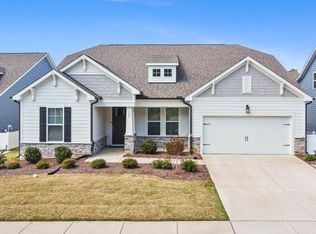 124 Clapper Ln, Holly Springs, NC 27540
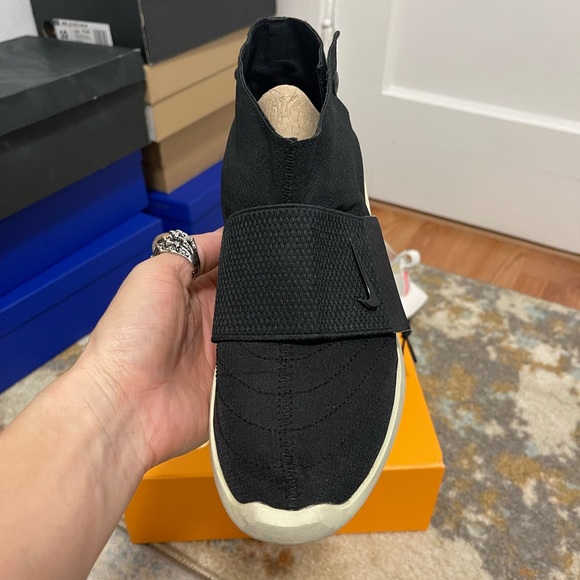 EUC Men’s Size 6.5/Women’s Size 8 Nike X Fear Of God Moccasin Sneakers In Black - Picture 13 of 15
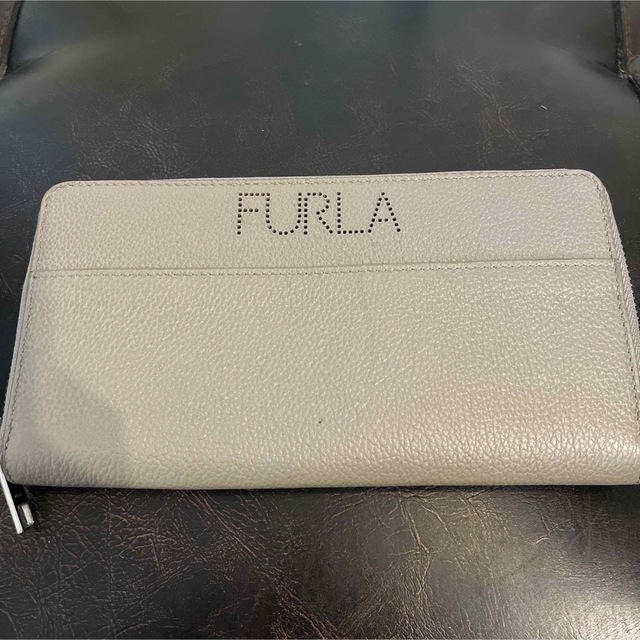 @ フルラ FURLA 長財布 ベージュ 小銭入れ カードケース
· · · · · · ·
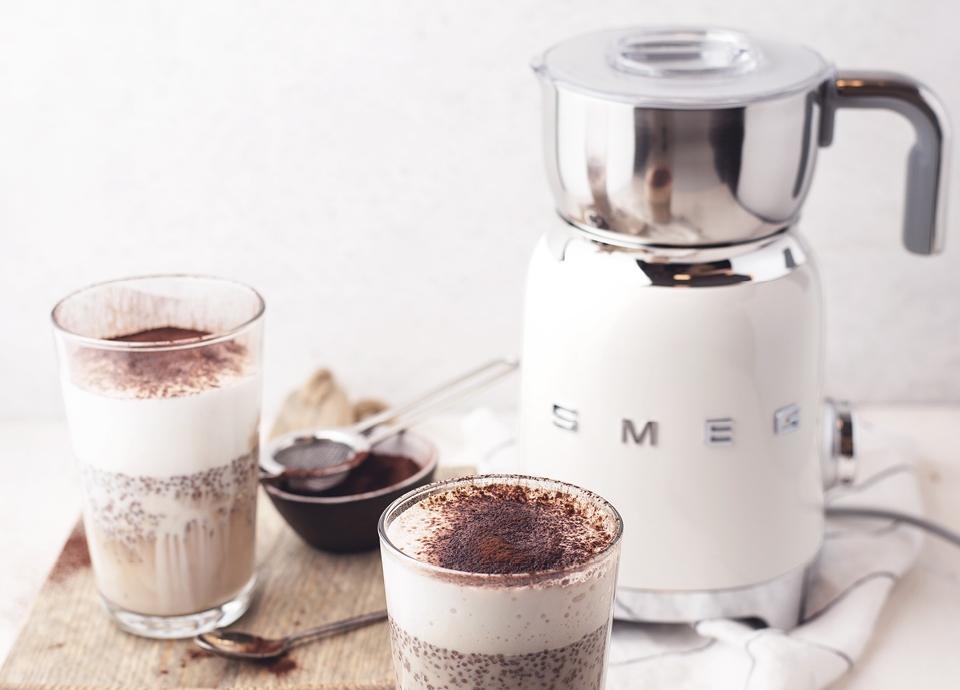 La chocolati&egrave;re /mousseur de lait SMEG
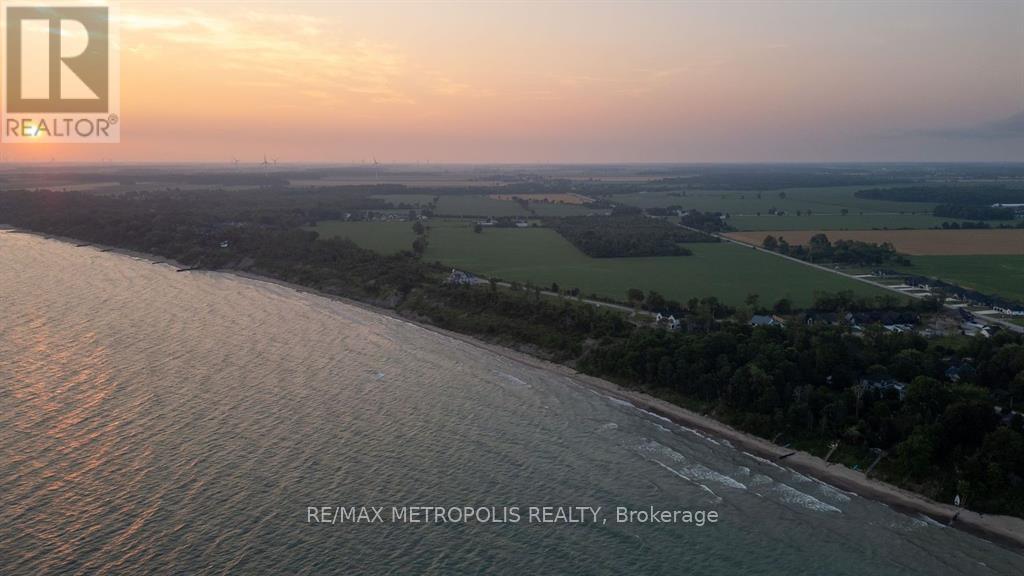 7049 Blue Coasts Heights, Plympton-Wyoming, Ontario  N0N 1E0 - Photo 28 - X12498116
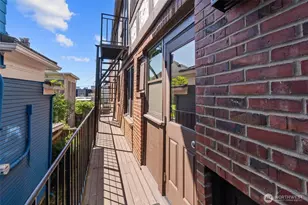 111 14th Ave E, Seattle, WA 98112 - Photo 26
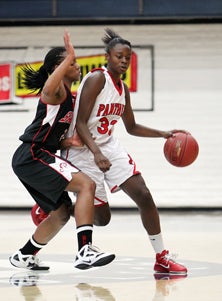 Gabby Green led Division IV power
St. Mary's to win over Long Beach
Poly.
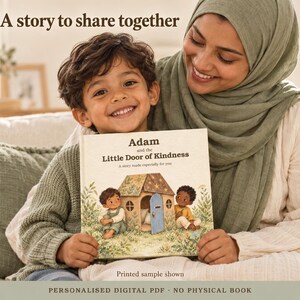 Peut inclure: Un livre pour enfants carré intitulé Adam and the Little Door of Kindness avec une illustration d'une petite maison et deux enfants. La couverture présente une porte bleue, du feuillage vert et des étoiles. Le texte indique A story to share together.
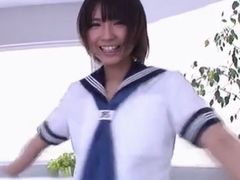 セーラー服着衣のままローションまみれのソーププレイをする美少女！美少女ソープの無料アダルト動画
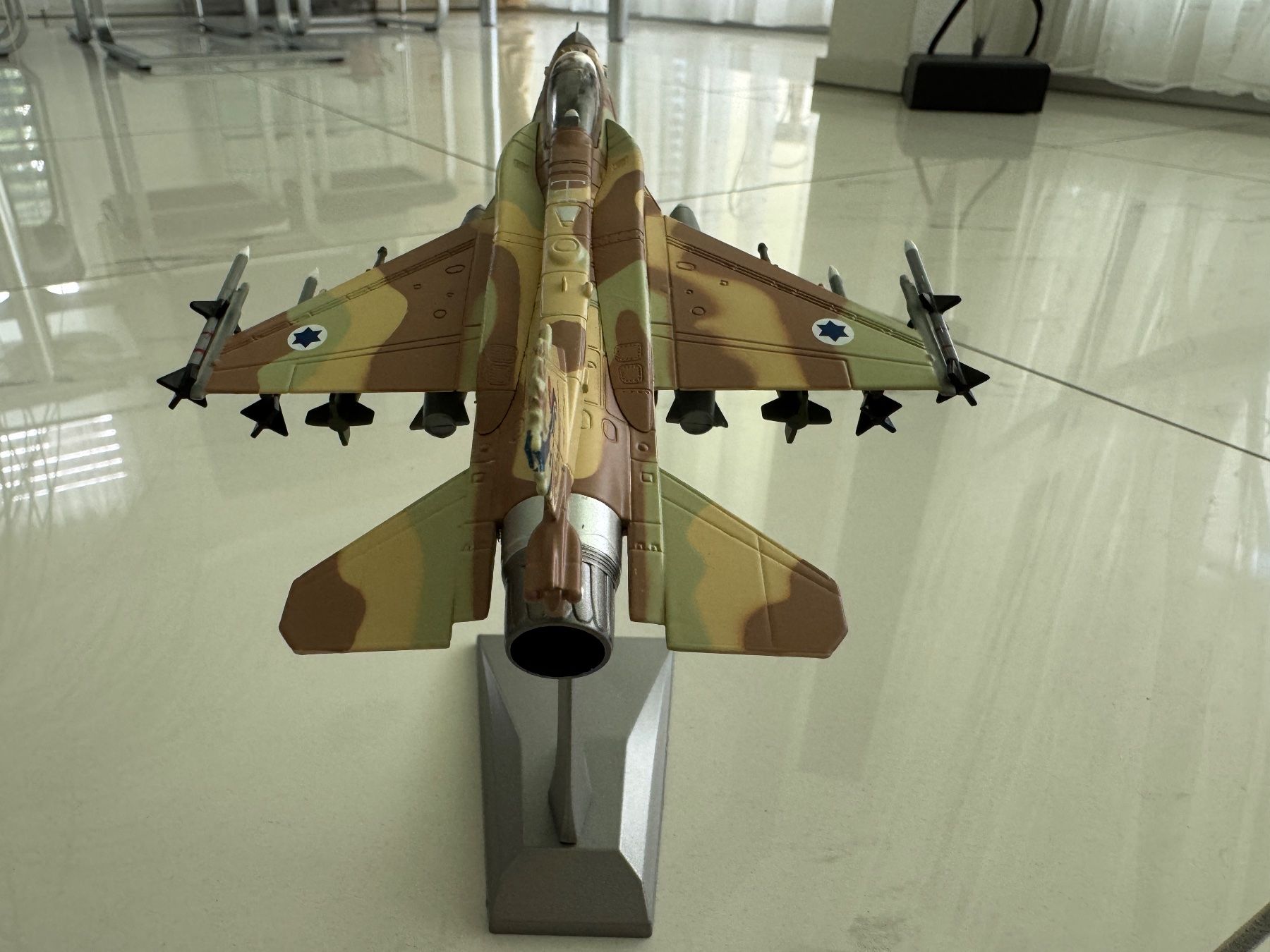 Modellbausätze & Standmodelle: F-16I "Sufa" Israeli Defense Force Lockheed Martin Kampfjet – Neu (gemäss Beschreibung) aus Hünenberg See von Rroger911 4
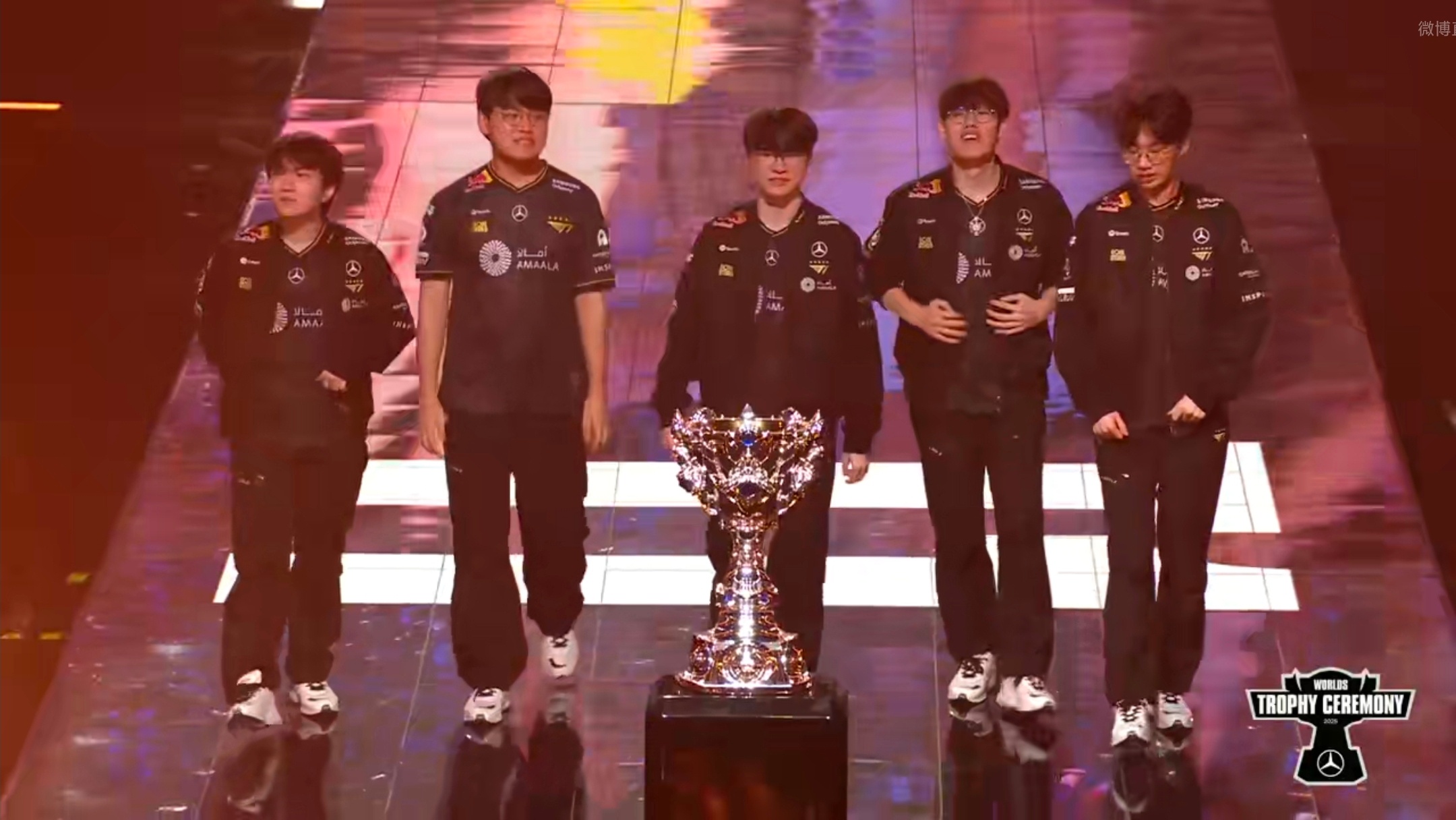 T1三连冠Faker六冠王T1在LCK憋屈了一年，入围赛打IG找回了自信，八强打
· · · · · · ·
**TASK DIRECTIONS:** Keep to the stretch from the line containing "7049 Blue Coasts" through the line containing "T1三连冠Faker六冠王T", both ends included, and copy it exactly from the listing above, minus the pictures.

**ANSWER SECTION:**
 7049 Blue Coasts Heights, Plympton-Wyoming, Ontario  N0N 1E0 - Photo 28 - X12498116
 111 14th Ave E, Seattle, WA 98112 - Photo 26
 Gabby Green led Division IV power
St. Mary's to win over Long Beach
Poly.
 Peut inclure: Un livre pour enfants carré intitulé Adam and the Little Door of Kindness avec une illustration d'une petite maison et deux enfants. La couverture présente une porte bleue, du feuillage vert et des étoiles. Le texte indique A story to share together.
 セーラー服着衣のままローションまみれのソーププレイをする美少女！美少女ソープの無料アダルト動画
 Modellbausätze & Standmodelle: F-16I "Sufa" Israeli Defense Force Lockheed Martin Kampfjet – Neu (gemäss Beschreibung) aus Hünenberg See von Rroger911 4
 T1三连冠Faker六冠王T1在LCK憋屈了一年，入围赛打IG找回了自信，八强打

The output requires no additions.